Sinds dit jaar is de MBO Brigade actief. Hoofddoel van de brigade is het opruimen van overbodige regelgeving, zodat scholen in staat zijn goed onderwijs te maken. De brigade voorziet in een behoefte, zo bleek tijdens een workshop op de Dag van het MBO.
Tijdens de workshop legt Vincent Gerez van het ministerie van Onderwijs de achtergrond en de werkwijze van de MBO Brigade uit. De instelling van de brigade is een rechtstreeks gevolg van het vorig jaar gesloten bestuursakkoord Trots, vertrouwen en lef. In dat akkoord hebben de MBO Raad en het ministerie van Onderwijs samen afgesproken een brigade in het leven roepen om overbodige regelgeving uit de weg te ruimen. Vanuit de MBO Raad is Rini Romme aanwezig. Docenten en andere medewerkers van mbo-scholen kunnen een casus bij de MBO Brigade indienen, waarna de brigadiers in actie komen. Volgens Gerez komen er veel vragen binnen over onderwerpen als onderwijstijd, keuzedelen en examinering.
Ruimte
In veel gevallen kan de brigade de indiener van een casus helpen door uitleg te geven over wet- en regelgeving. ‘Scholen hebben vaak veel meer ruimte dan ze denken’, legt Gerez uit. Speciaal daarvoor is de brochure Ruimte in regels geschreven. In deze brochure, die opgesteld is met behulp van een grote groep docenten, wordt duidelijk gemaakt welke ruimte de wet- en regelgeving biedt. Als de brigade op echt knellende regelgeving stuit, kan natuurlijk wel voorgesteld worden regels te schrappen. Zoals binnenkort gebeurt met de onderwijsovereenkomst. ‘Het schrappen van regels kost wel veel tijd’, legt Gerez uit. ‘Begin dit jaar is het besluit genomen om de onderwijsovereenkomst uit de wet te halen, waarschijnlijk zal dit pas vanaf 2021 het geval zijn.’
Vrijstelling
In het tweede deel van de workshop krijgen de bezoekers de kans om een casus in te dienen. Vanuit de afgeladen zaal komen allerlei mogelijke onderwerpen naar voren. Zoals: mag je als school een vrijstelling verlenen voor Nederlands of Burgerschap als een student deze vakken al in een eerdere studie heeft gevolgd? Op sommige scholen gebeurt dat, op andere niet. Wat zegt de wet? Volgens een van de aanwezigen zijn hier geen landelijke regels voor, maar is hier een cruciale rol voor de eigen examencommissie weggelegd: deze kan vastleggen onder welke omstandigheden een vrijstelling verleend kan worden.
Inspectie
Een vraag van een andere docent gaat over inspectiebezoek. Moeten alle teamleden bij een bezoek van de inspectie volledig op de hoogte zijn van bijvoorbeeld de regels rond examinering? Welke ruimte heeft een team om een verdeling van taken te maken? Een collega van een andere school weet wel raad: ‘Het is een taak van de leidinggevende om een goede werkverdeling te maken binnen het team. Wie verantwoordelijk is voor examinering moet als expert van alle ins en outs op de hoogte zijn. Als je niet de examenexpert van het team bent, kun je gewoon tegen de inspectie zeggen dat jij als docent niet exact van de regels op de hoogte bent.’
Nederlands
Een docent Nederlands brengt in dat het taalniveau van veel studenten te wensen over laat. Wat kun je als school hier aan doen? Rini Romme geeft een duidelijk antwoord: in de wet is vastgelegd welk taalniveau mbo-studenten minimaal behoren te hebben. Dat kunnen we te beperkt vinden, maar in dit geval is de wet leidend.

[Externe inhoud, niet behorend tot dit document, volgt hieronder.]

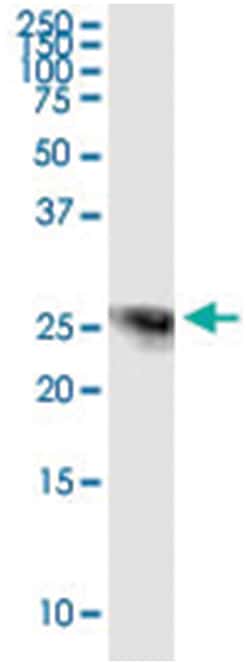 SPR, Human, IP-WB Antibody Pair (PW3), Abnova&trade;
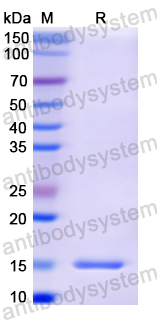 Recombinant Human FURIN Protein, N-His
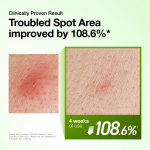 Azelaic Acid 10 Hyaluron Redness Soothing Serum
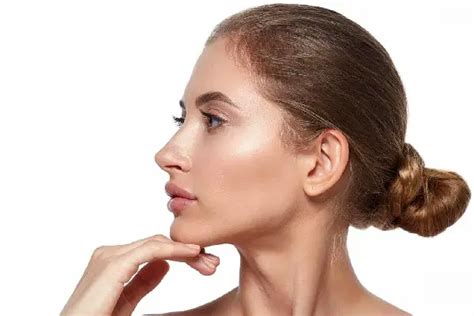 Everything You Need to Know Before Getting a Chin Implant Surgery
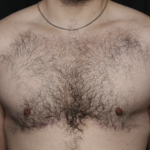 Gynecomastia Before & After Patient #36487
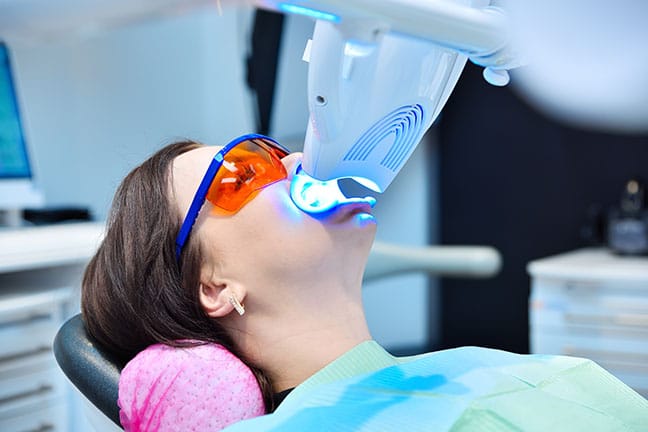 In-Office-Powerbleaching – optional mit Dentalhygiene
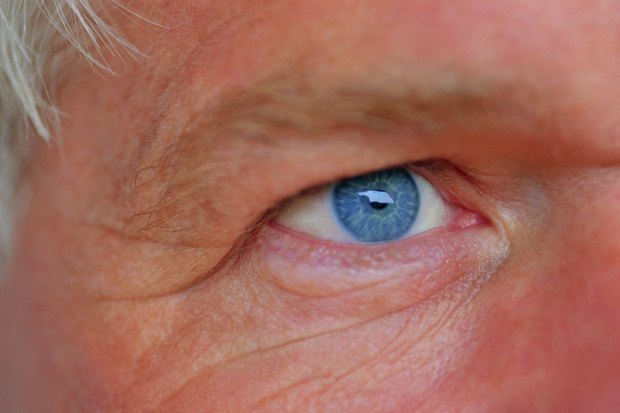 La máscara para la persona de las arrugas de edad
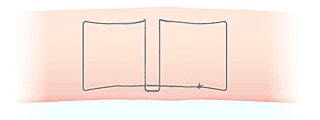 二重埋没法（スマートバランス）かけ方の図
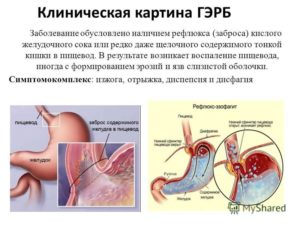 Симптомы и лечение гастроэзофагеальной рефлюксной болезни. Заброс желудочной кислоты в пищевод: причины, диагностика, лечение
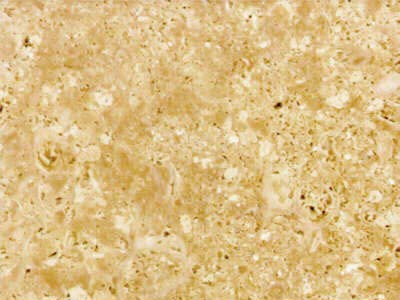 Niwala Peach · صورة من أرشيف مارمي دي كارارا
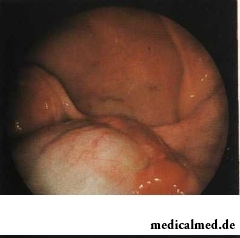 Нередко фиброма яичника сочетается с кистой яичника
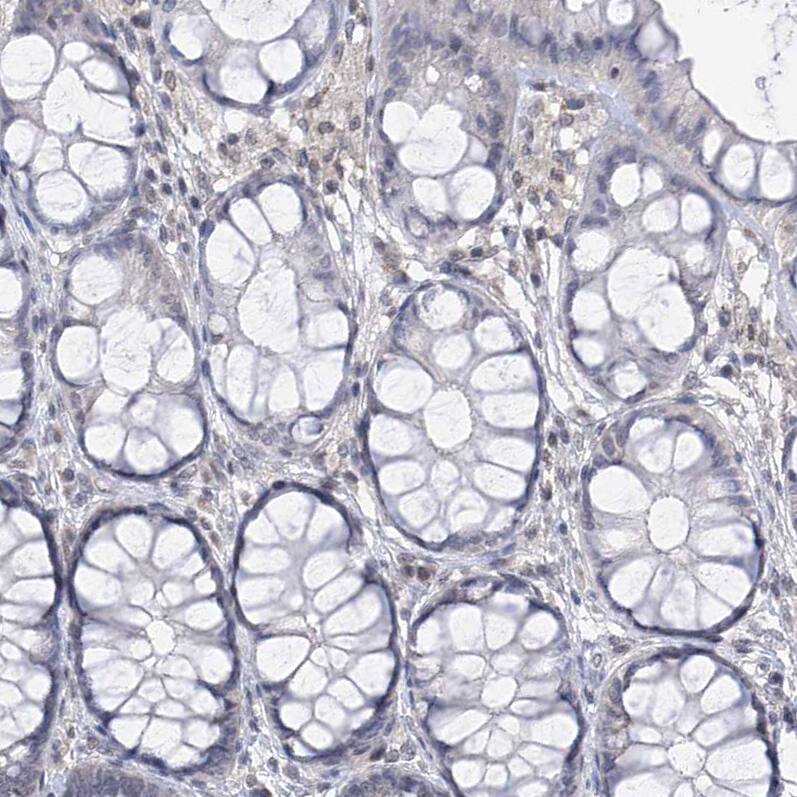 Centrin 2 Antibody Immunohistochemistry-Paraffin: Centrin 2 Antibody [NBP1-88213]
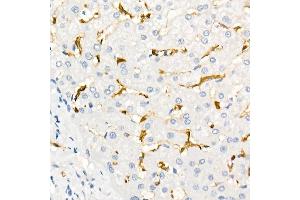 Immunohistochemistry of paraffin-embedded Human liver using Fascin/FSCN1 antibody (ABIN7267142) at dilution of 1:100 (40x lens).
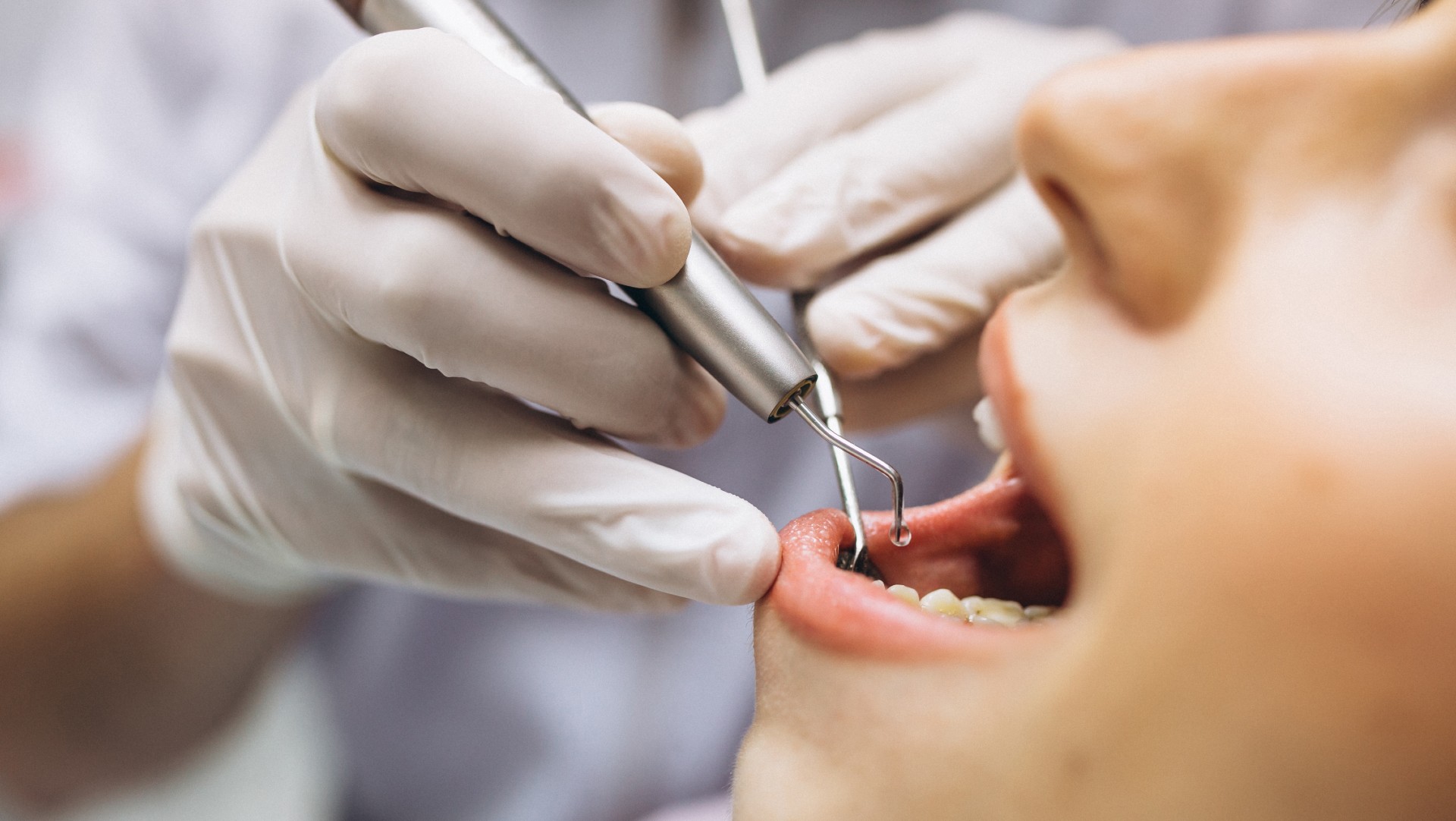 Wisdom Tooth Extraction at Mint Dental Care Dubai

Zo blijkt dat onder medewerkers van mbo-scholen veel vragen leven over wet- en regelgeving. De MBO Brigade trekt het komende jaar het land in om op diverse locaties broedplaatsen te organiseren. Op de website van de brigade kan iedereen zelf een casus indienen. Na het indienen van een casus neemt de MBO Brigade snel contact op om te bekijken op welke manier de brigade kan helpen: door uitleg te geven, door deskundigen met elkaar in contact te brengen of door regels te schrappen.